● Task statement
Below are records with pictures. Transcribe exactly, and only, the lines from the line with "2454 W Riley Drive, Citrus Springs, FL 34434" to the line with "Hyundai Grandeur 2023", both ends included, but not the pictures.

● Extracted data
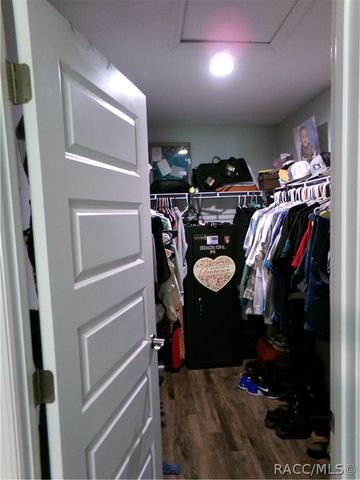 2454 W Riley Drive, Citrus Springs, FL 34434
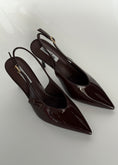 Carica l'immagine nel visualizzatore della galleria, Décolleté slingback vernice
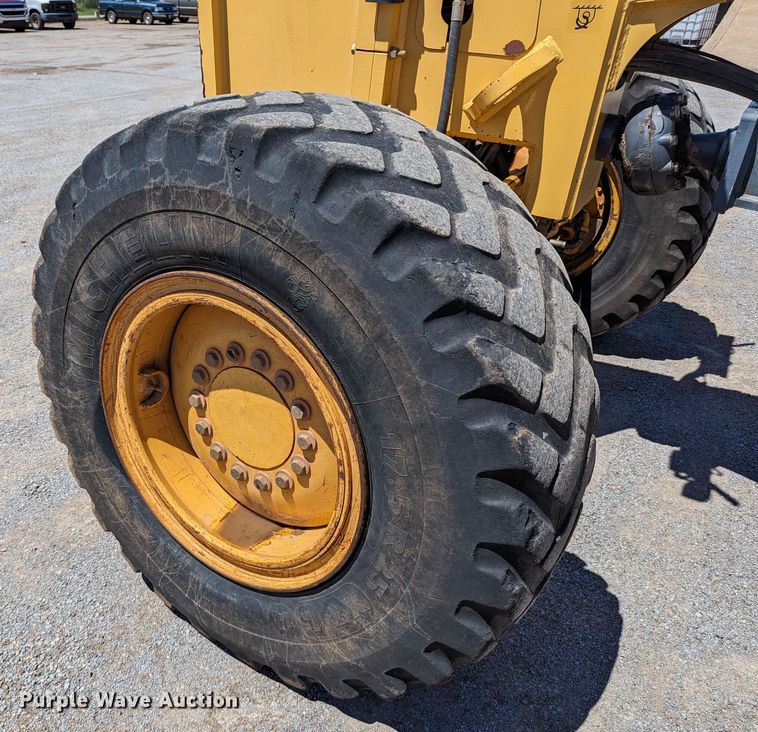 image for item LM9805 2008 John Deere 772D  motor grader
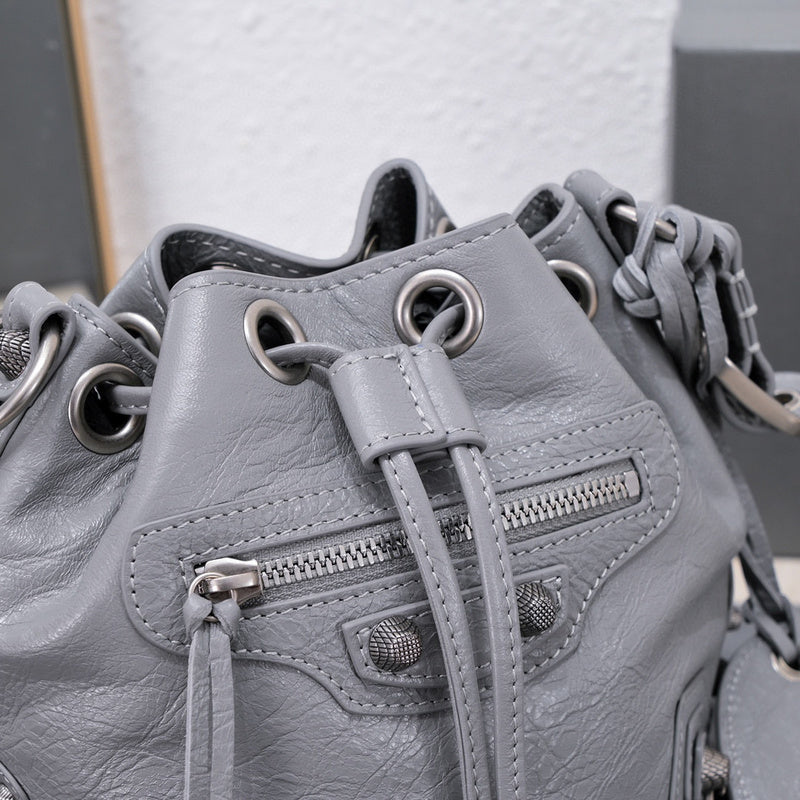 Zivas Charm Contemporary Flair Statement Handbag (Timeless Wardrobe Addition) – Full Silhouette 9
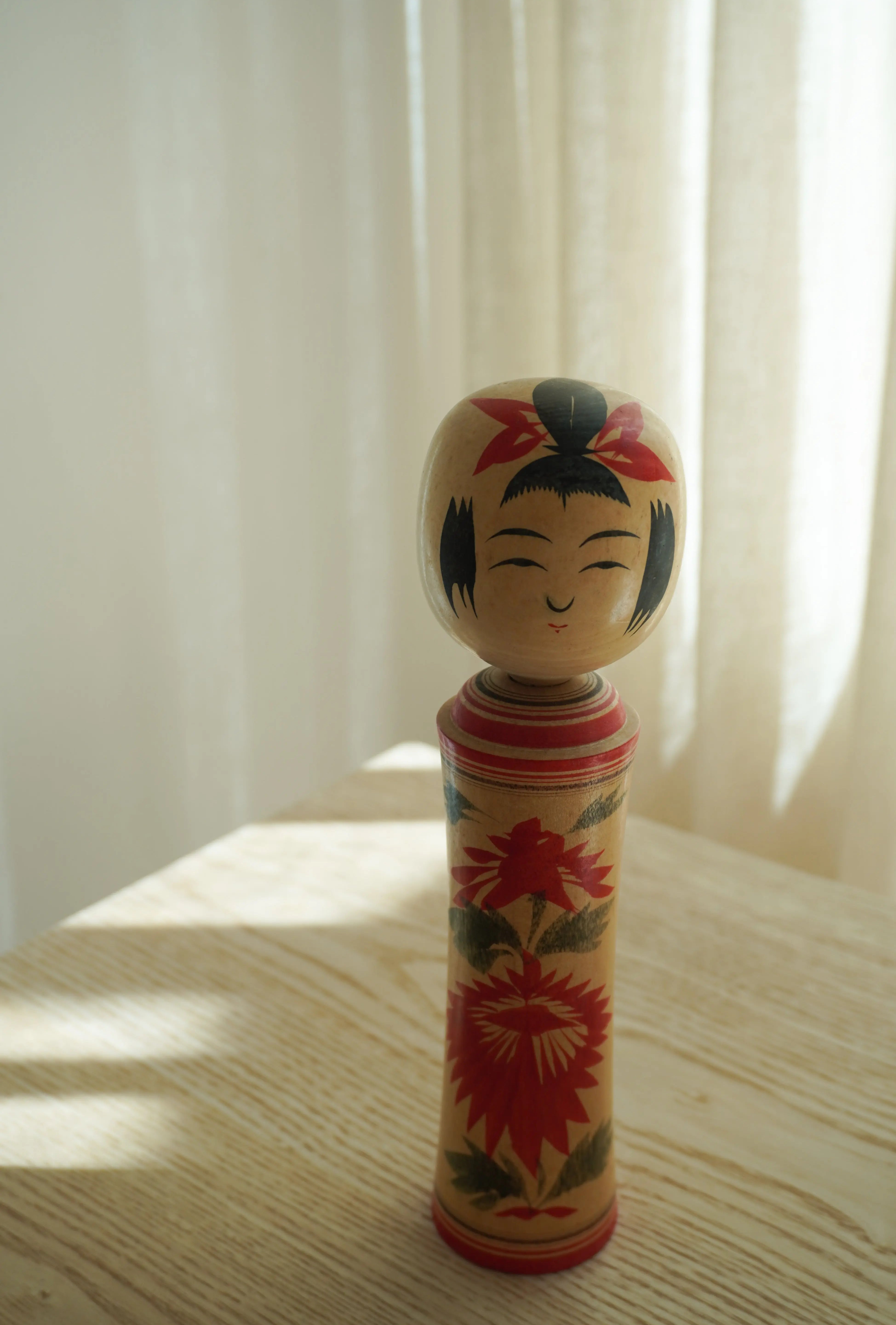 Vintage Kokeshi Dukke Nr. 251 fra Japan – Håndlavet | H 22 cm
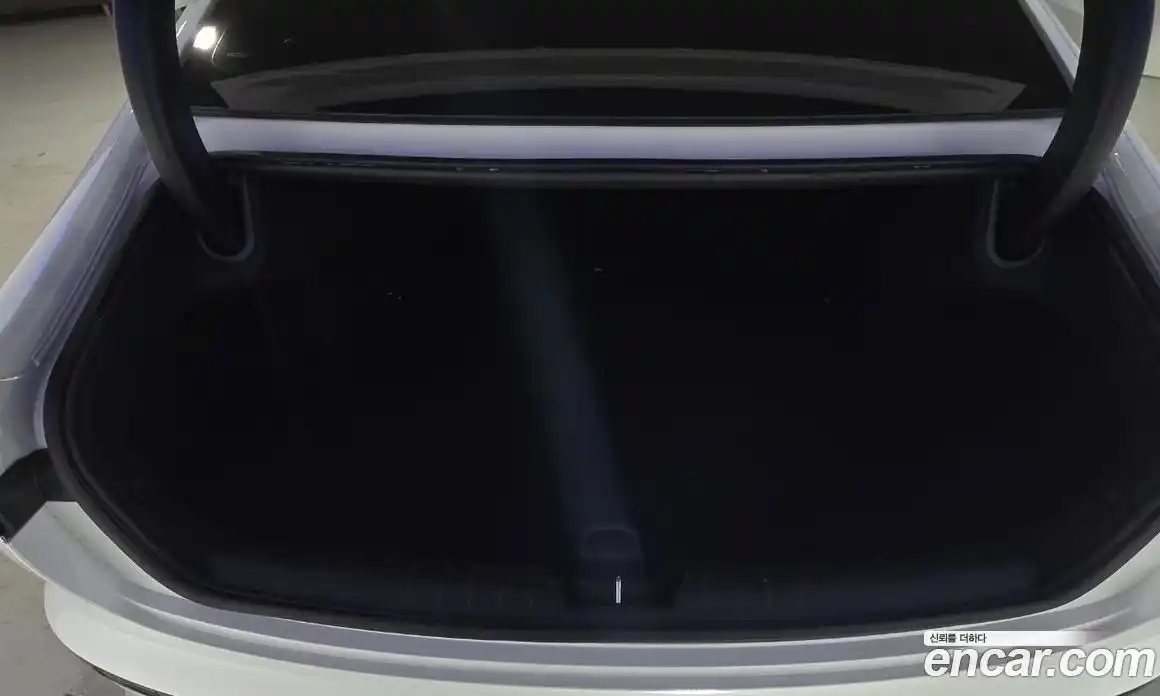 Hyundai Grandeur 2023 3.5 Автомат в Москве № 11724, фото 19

* * *

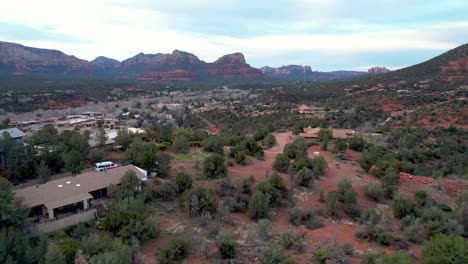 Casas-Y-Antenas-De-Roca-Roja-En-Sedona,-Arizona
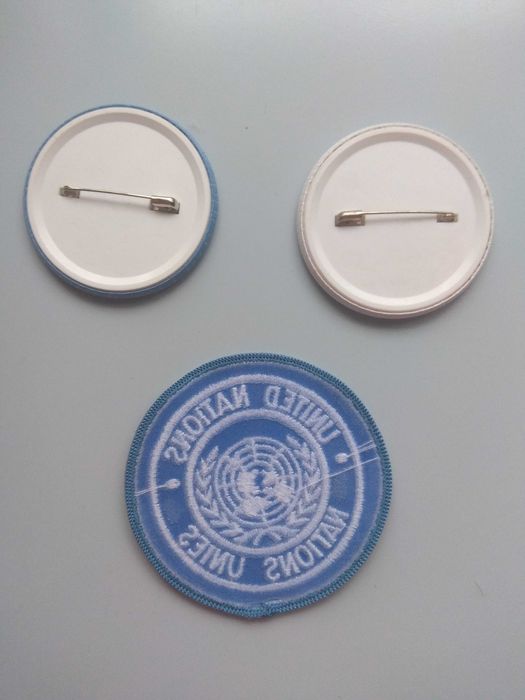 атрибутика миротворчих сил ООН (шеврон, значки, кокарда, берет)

==

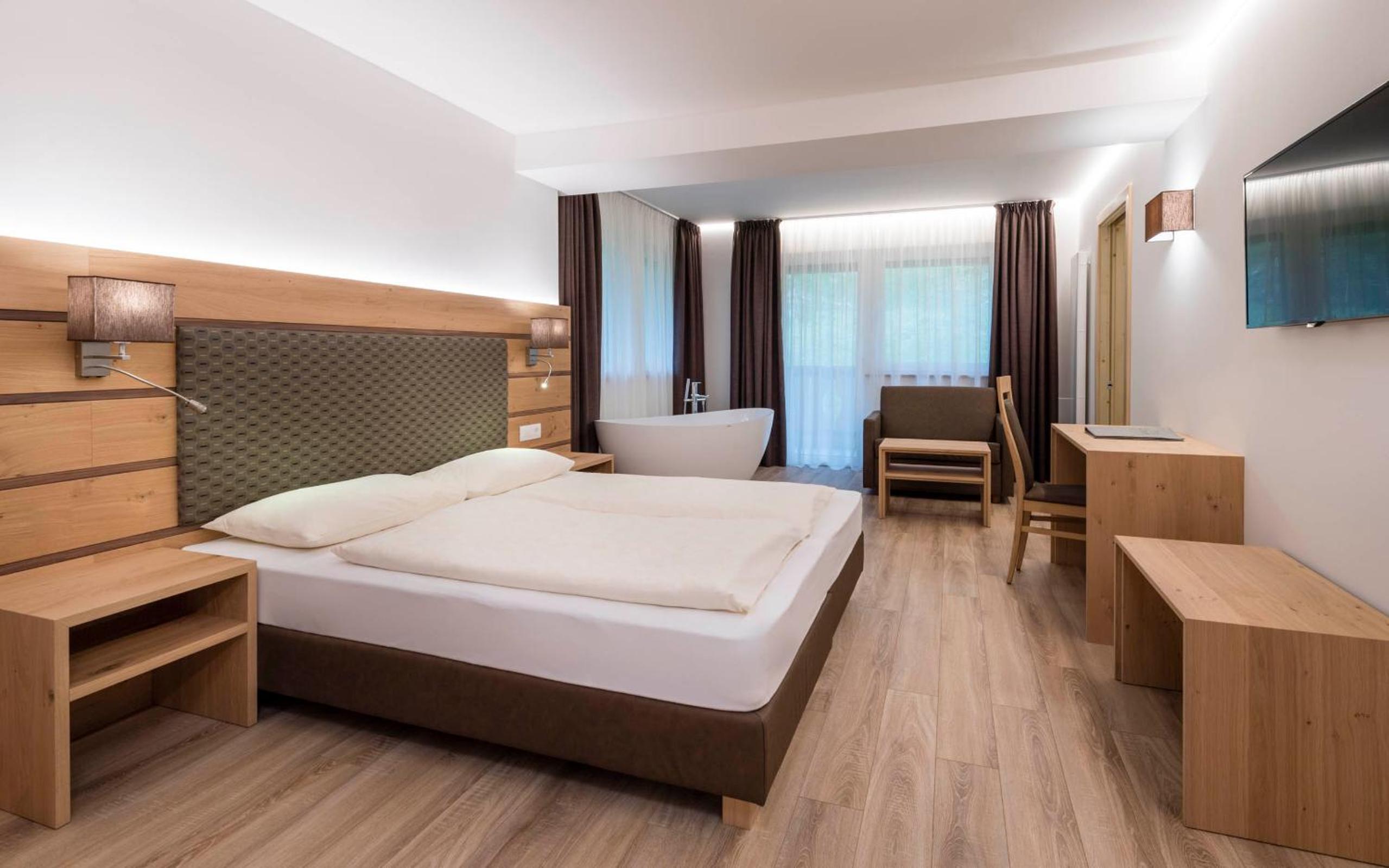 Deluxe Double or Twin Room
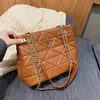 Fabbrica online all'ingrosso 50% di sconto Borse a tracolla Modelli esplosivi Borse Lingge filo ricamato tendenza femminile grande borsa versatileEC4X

● Exercise response
 2454 W Riley Drive, Citrus Springs, FL 34434
 Carica l'immagine nel visualizzatore della galleria, Décolleté slingback vernice
 image for item LM9805 2008 John Deere 772D  motor grader
 Zivas Charm Contemporary Flair Statement Handbag (Timeless Wardrobe Addition) – Full Silhouette 9
 Vintage Kokeshi Dukke Nr. 251 fra Japan – Håndlavet | H 22 cm
 Hyundai Grandeur 2023 3.5 Автомат в Москве № 11724, фото 19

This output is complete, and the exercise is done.